Lo que hace esta iniciativa presidencial es tirar por la borda cualquier tipo de limitación. Ante una emergencia económica (que tampoco es muy claro cuando se actualiza esta situación), toma en sus manos todo el presupuesto y lo reorienta a voluntad, sin ningún tipo de restricción ni procedimiento que se le oponga.

Esto explica por qué en el decreto del 23 de abril, en el que el presidente estableció medidas adicionales de austeridad para la administración pública, se dice que “se posponen las acciones y el gasto del gobierno”, salvo una lista de programas en los que, por supuesto, están las obras de infraestructura incuestionables, el apoyo a Pemex y los programas sociales (que, dicho sea de paso, no llegan a 60% de las personas en situación de pobreza). Con la ley actual era muy poco probable que el presidente pudiera implementar un congelamiento masivo del presupuesto aprobado para todas las dependencias: esa es, justamente, la razón de ser de esta iniciativa. Mención aparte merece la extraña, y hasta ilegal, técnica legislativa presidencial de emitir un decreto para aplicar una facultad que no tiene, pero que espera recibir rápida y eficazmente por parte de sus legisladores en ambas cámaras.

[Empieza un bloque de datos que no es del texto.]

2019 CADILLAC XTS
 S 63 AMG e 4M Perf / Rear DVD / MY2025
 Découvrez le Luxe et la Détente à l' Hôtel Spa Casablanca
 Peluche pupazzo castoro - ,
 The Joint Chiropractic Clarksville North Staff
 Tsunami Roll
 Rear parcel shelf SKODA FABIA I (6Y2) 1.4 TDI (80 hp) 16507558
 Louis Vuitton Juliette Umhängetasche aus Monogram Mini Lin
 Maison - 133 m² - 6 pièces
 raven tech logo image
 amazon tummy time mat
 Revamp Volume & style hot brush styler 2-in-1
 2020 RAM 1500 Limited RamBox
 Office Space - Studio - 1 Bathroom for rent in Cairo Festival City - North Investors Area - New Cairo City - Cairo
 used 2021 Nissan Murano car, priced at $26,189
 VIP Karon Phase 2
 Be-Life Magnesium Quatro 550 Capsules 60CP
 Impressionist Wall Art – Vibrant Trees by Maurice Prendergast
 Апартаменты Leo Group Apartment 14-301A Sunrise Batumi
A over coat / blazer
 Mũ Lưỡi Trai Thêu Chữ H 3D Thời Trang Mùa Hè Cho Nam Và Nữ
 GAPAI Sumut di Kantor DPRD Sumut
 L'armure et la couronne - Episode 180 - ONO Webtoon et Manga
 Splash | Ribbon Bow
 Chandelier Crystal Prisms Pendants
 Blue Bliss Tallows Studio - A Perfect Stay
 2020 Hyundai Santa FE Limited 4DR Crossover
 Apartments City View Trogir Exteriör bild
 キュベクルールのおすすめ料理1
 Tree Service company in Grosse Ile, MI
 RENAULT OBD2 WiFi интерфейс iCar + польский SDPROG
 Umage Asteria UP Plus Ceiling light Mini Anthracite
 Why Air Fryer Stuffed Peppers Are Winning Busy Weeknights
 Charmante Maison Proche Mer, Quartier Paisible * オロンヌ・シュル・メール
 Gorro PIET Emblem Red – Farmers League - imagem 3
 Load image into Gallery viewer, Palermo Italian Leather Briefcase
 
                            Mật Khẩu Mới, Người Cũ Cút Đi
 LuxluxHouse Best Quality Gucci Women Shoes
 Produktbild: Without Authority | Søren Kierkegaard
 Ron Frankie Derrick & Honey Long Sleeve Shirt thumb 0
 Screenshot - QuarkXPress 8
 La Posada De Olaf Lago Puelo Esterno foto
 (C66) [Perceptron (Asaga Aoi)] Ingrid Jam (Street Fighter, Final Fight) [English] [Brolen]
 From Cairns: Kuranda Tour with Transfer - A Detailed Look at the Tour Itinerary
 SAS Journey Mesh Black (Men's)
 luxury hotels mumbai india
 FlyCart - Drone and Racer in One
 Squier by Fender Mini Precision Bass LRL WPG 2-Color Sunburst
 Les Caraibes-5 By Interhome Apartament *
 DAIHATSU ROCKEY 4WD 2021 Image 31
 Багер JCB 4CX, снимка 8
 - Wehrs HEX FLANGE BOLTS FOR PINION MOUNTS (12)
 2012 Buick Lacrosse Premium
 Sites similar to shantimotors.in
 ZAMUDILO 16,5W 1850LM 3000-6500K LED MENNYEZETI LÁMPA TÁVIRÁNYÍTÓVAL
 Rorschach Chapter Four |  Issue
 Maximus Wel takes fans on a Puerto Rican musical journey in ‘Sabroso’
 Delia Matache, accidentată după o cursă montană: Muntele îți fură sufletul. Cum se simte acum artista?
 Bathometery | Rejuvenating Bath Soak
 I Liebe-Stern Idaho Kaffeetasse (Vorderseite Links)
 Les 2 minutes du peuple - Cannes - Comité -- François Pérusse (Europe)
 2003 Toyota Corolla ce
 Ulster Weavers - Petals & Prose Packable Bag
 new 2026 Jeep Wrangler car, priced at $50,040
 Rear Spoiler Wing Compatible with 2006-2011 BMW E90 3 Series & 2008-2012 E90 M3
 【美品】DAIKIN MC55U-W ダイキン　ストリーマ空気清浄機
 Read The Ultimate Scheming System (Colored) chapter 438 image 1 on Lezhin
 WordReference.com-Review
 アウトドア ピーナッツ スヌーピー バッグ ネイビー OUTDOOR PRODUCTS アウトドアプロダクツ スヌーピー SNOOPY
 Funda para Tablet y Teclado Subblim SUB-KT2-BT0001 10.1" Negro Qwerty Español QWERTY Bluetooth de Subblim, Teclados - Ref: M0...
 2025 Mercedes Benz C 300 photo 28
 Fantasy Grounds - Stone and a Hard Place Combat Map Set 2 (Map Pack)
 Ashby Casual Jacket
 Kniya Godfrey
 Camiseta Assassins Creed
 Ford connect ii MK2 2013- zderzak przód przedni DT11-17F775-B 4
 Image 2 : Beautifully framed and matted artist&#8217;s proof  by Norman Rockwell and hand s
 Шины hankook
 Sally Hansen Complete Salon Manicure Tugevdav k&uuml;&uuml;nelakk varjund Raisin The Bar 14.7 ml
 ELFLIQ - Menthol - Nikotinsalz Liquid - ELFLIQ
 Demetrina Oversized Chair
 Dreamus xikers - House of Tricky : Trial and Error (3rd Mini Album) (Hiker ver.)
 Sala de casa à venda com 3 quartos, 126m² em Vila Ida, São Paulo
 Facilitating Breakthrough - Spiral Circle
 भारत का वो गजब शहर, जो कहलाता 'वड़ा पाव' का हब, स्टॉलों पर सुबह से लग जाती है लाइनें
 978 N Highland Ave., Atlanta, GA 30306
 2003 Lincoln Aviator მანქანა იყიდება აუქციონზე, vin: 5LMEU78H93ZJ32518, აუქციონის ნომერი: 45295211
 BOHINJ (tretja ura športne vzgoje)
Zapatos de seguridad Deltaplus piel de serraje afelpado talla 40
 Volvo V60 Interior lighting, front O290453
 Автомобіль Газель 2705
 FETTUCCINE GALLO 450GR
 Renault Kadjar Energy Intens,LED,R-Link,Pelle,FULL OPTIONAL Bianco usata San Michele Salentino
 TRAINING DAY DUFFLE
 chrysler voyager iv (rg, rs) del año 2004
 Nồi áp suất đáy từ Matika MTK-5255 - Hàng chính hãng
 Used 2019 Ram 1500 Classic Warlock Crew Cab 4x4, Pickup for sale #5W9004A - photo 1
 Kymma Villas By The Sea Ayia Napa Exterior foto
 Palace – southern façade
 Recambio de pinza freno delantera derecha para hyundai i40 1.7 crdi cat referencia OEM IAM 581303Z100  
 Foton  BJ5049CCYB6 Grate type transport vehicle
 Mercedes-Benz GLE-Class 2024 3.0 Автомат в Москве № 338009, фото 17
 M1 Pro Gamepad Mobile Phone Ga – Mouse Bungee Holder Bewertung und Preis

Una vez que ambas piezas estén colocadas, el decreto de austeridad y las nuevas facultades de redireccionamiento por emergencia, tendremos a un presidente capaz de hacer con el presupuesto lo que él decida, sin que nada ni nadie pueda oponérsele; sin tener que detenerse en ninguna trivialidad procedimental o deliberativa, y todo será perfectamente legal. Esto no es una cuestión menor: significaría un paso gigantesco, tal vez el más importante de este sexenio, para eliminar los pesos y contrapesos, pues en el presupuesto se refleja toda la política pública. En lugar de corregir aquellos elementos que permitieron hacer del presidente una figura casi omnipotente durante la hegemonía del PRI, y que fueron objeto de crítica por décadas por parte de la oposición, la apuesta de Morena es ampliarlos todavía más. Tal vez por eso Andrés Manuel López Obrador nos dijo que esta crisis le vino “como anillo al dedo”: para darle más poder al poder.